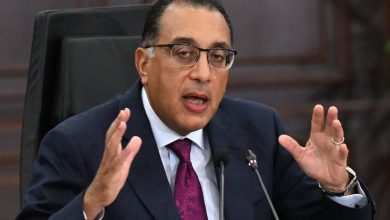 مفاجآت الحكومة والقطاع الخاص.. ماذا سيحدث لأسعار السلع قريبًا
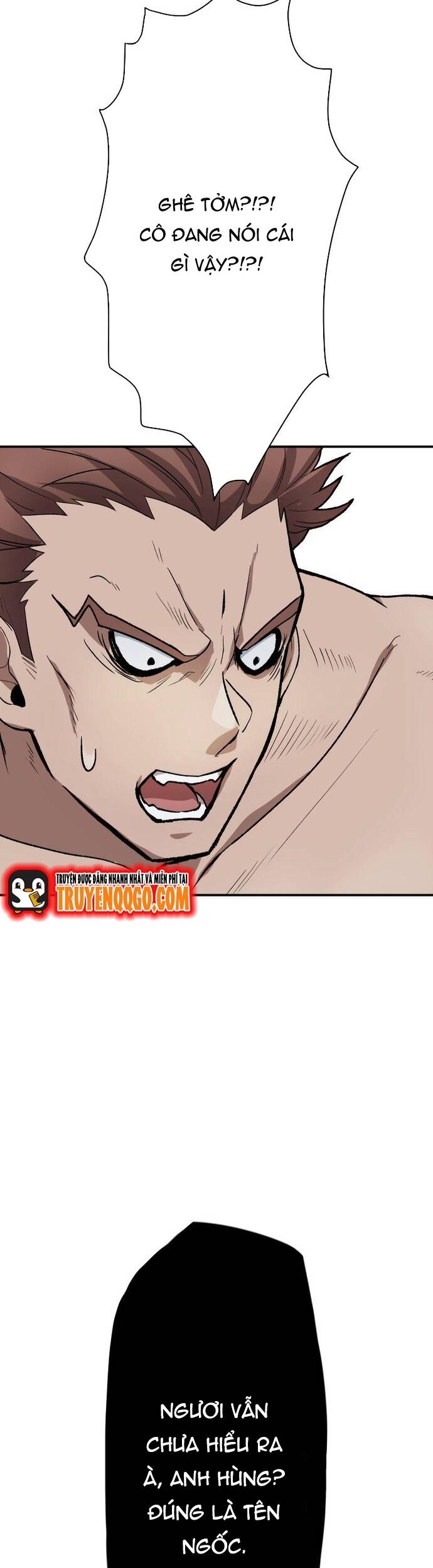 Yuusha Gakuen No Fukushuusei Chapter 1 - 18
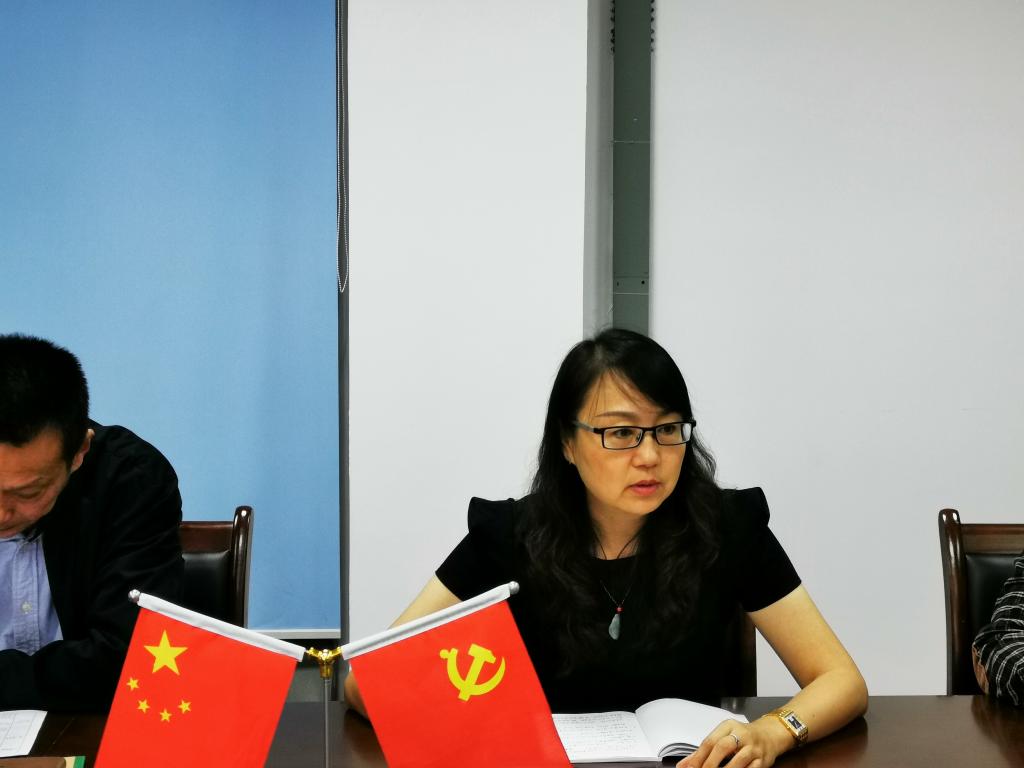 美狮贵宾会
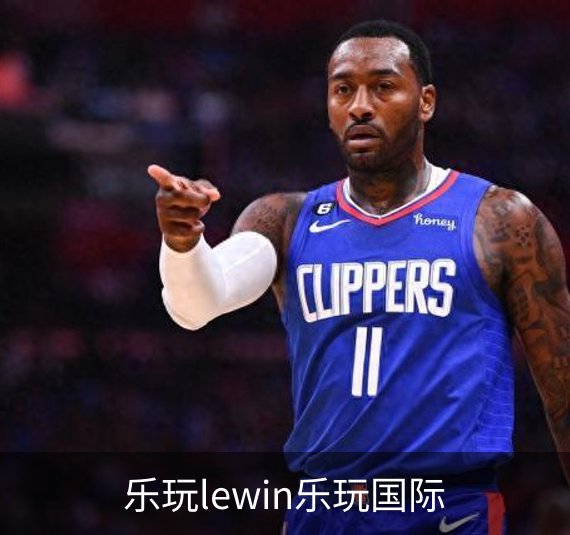 走进乐玩lewin乐玩国际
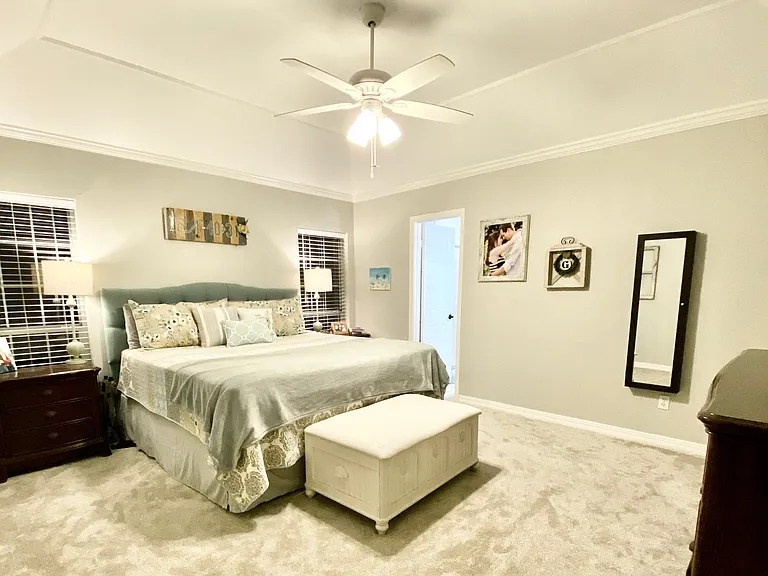 3210 Le Oaks Dr — Photo 6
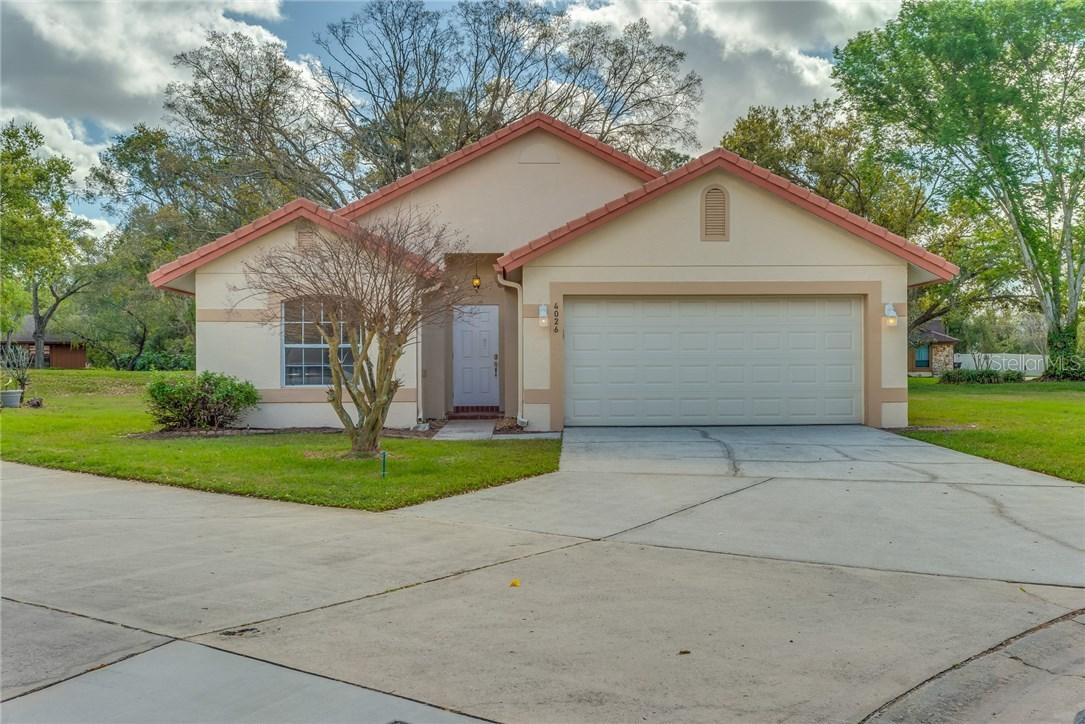 4026 Golfside Dr. #130, Orlando, FL 32808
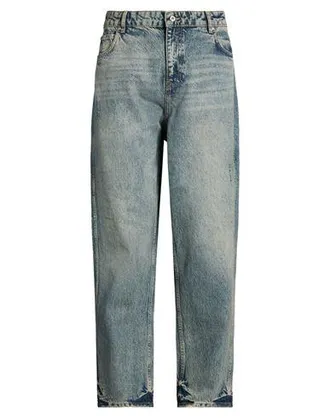Represent BOTTOMWEAR - Jeans sur YOOX.COM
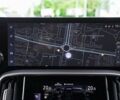 Лексус ЛХ, объемом двигателя 3.4 л и пробегом 42 тыс. км за 117018 $, фото 29 на Automoto.ua
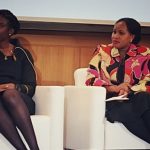 1 to 4 industrial revolutions 6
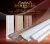 Import China Building Material Most popular 100% Natural Stone window sill for indoor decoration from China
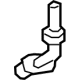 Audi 06M-133-382-A Elbow Audi 06M-133-382-A Elbow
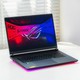 ASUS ra mắt laptop gaming mạnh nhất ROG Strix SCAR 18 (2026) tại Việt Nam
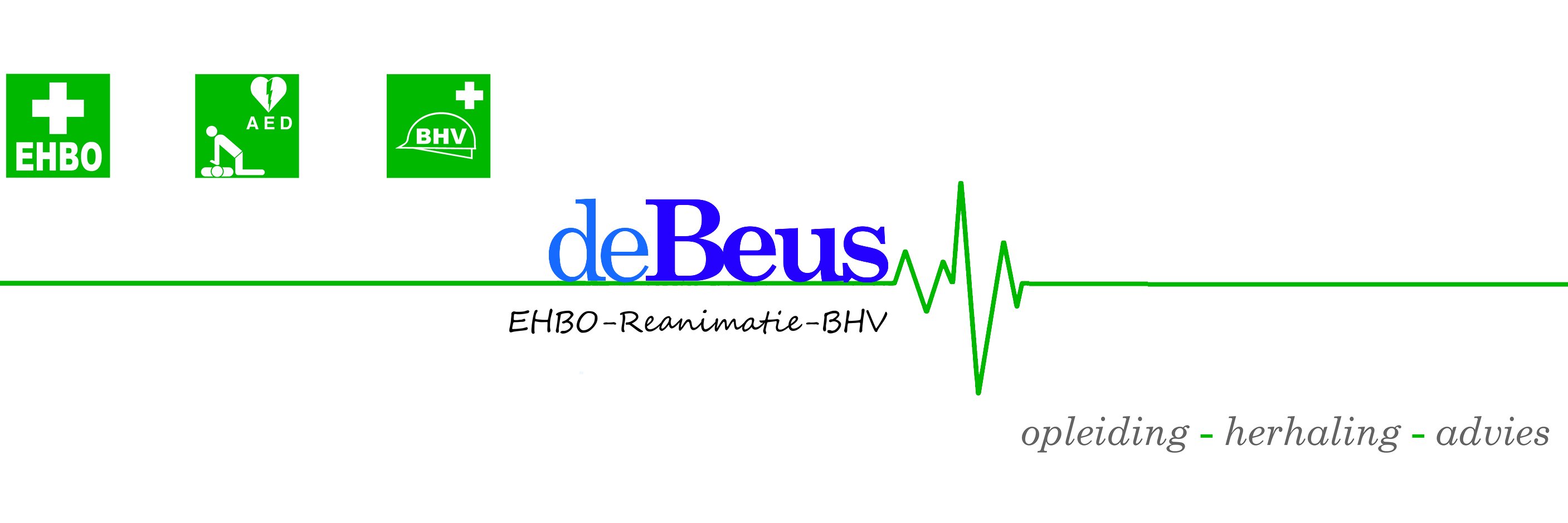 bdebeus's profile banner image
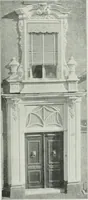 An illustration from De Nederlandsche monumenten van geschiedenis en kunst : geillustreerde beschrijving (1912)
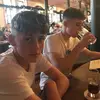 Guy Wilkinson - @guysporks19 - TikTok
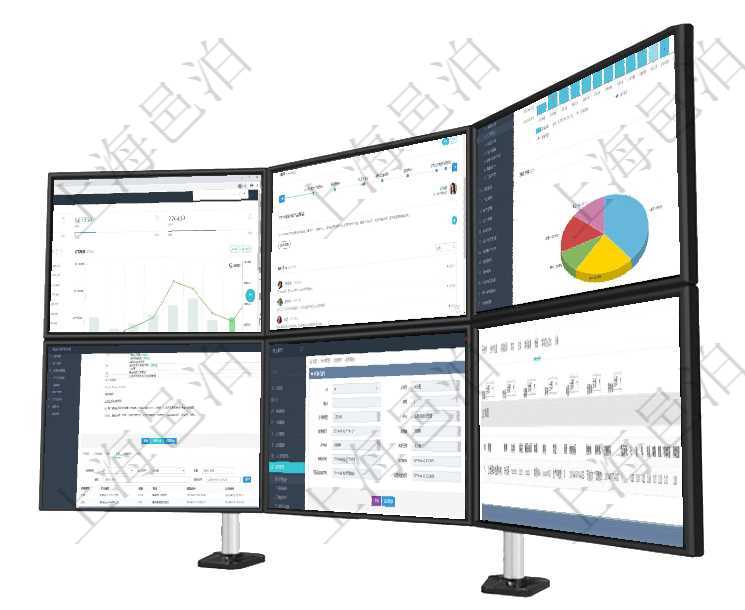 項(xiàng)目管理軟件財務(wù)核算管理總經(jīng)理儀表盤財務(wù)核算圖按照水平時間軸顯示月度預(yù)算、收入、支出、開票、收項(xiàng)目管理軟件商業(yè)計劃管理總經(jīng)理儀表盤討論區(qū)包括待處理和已批準(zhǔn)業(yè)務(wù)討論，決策、會議與行動區(qū)包括待項(xiàng)目管理軟件期貨投資管理總經(jīng)理儀表盤統(tǒng)計顯示本月管理收入、管理支出、投資盈虧、組合盈虧。賬戶資項(xiàng)目管理軟件項(xiàng)目管理模塊任務(wù)維護(hù)明細(xì)查詢還可以關(guān)聯(lián)查詢更多相關(guān)資料，比如任務(wù)日志：資源類型、統(tǒng)項(xiàng)目管理軟件合同管理模塊合同明細(xì)查詢還可以關(guān)聯(lián)查詢更多相關(guān)資料，比如子合同信息：名稱、描述、序在項(xiàng)目管理軟件資產(chǎn)管理系統(tǒng)中查詢資產(chǎn)配置信息，不僅返回資產(chǎn)配置的基本信息字段，還會返回物品屬性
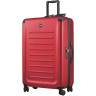 Чемодан Victorinox Spectra 2.0 32, красный (31318603)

★ ★ ★ ★ ★

▶ What needs to be done
Return only the lines that start at the line containing "項(xiàng)目管理軟件財" and finish at the last line of the entries, exactly as written and without pictures.

▶ Solution to the exercise
 項(xiàng)目管理軟件財務(wù)核算管理總經(jīng)理儀表盤財務(wù)核算圖按照水平時間軸顯示月度預(yù)算、收入、支出、開票、收項(xiàng)目管理軟件商業(yè)計劃管理總經(jīng)理儀表盤討論區(qū)包括待處理和已批準(zhǔn)業(yè)務(wù)討論，決策、會議與行動區(qū)包括待項(xiàng)目管理軟件期貨投資管理總經(jīng)理儀表盤統(tǒng)計顯示本月管理收入、管理支出、投資盈虧、組合盈虧。賬戶資項(xiàng)目管理軟件項(xiàng)目管理模塊任務(wù)維護(hù)明細(xì)查詢還可以關(guān)聯(lián)查詢更多相關(guān)資料，比如任務(wù)日志：資源類型、統(tǒng)項(xiàng)目管理軟件合同管理模塊合同明細(xì)查詢還可以關(guān)聯(lián)查詢更多相關(guān)資料，比如子合同信息：名稱、描述、序在項(xiàng)目管理軟件資產(chǎn)管理系統(tǒng)中查詢資產(chǎn)配置信息，不僅返回資產(chǎn)配置的基本信息字段，還會返回物品屬性
 Чемодан Victorinox Spectra 2.0 32, красный (31318603)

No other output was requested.